_What you should do_
An exact copy of the lines of the listing below between the "Picture of Miniature" line and the "1boy 3_girls addams_family" line, both included, is the whole answer; please omit the pictures.

_Supplied data_
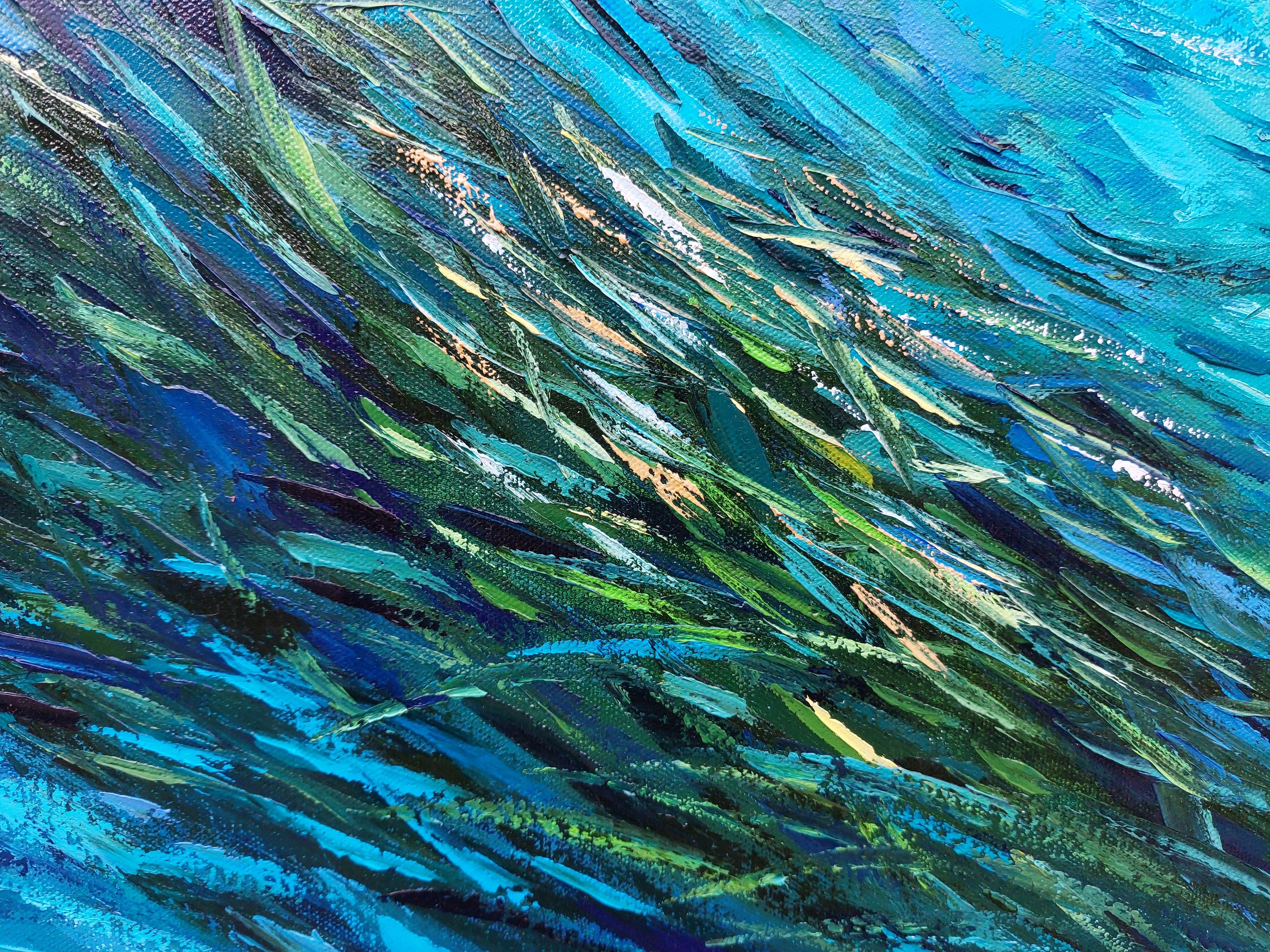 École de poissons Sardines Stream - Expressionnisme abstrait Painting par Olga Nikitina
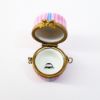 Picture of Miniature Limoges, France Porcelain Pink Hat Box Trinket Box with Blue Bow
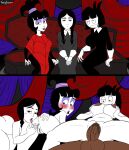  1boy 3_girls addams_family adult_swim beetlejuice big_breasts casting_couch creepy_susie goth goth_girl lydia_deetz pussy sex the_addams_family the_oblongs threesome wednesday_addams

* * *

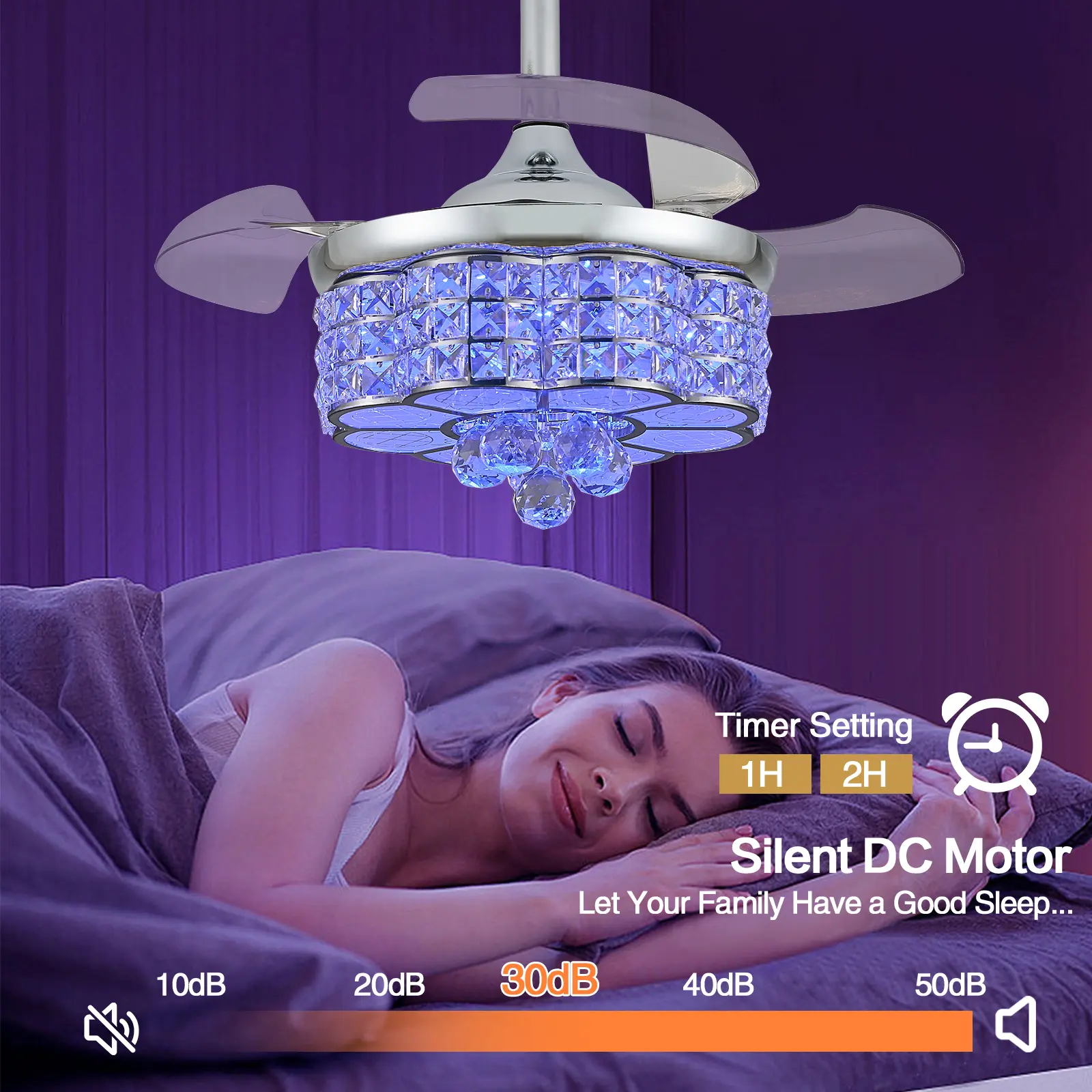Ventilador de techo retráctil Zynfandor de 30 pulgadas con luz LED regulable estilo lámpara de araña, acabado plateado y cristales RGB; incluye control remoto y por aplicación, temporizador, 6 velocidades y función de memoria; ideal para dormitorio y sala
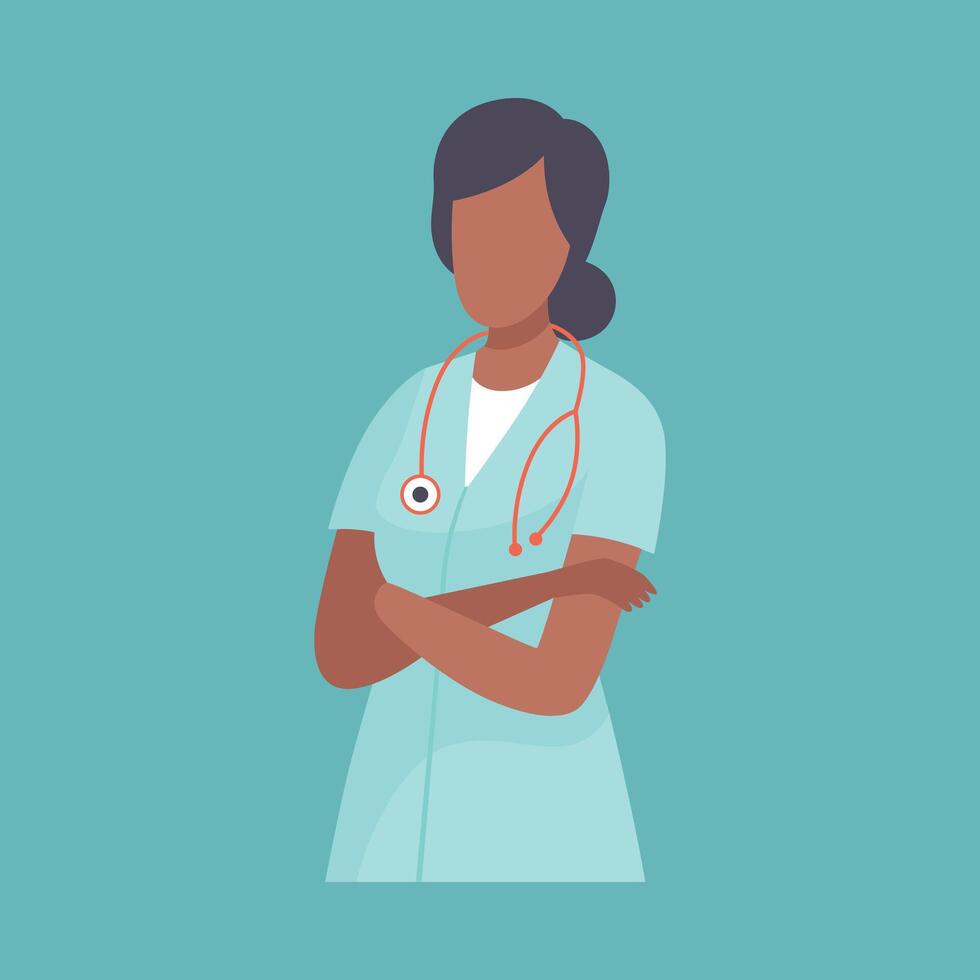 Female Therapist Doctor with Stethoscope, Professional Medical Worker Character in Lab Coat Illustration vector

_Reply_
 Picture of Miniature Limoges, France Porcelain Pink Hat Box Trinket Box with Blue Bow
  1boy 3_girls addams_family adult_swim beetlejuice big_breasts casting_couch creepy_susie goth goth_girl lydia_deetz pussy sex the_addams_family the_oblongs threesome wednesday_addams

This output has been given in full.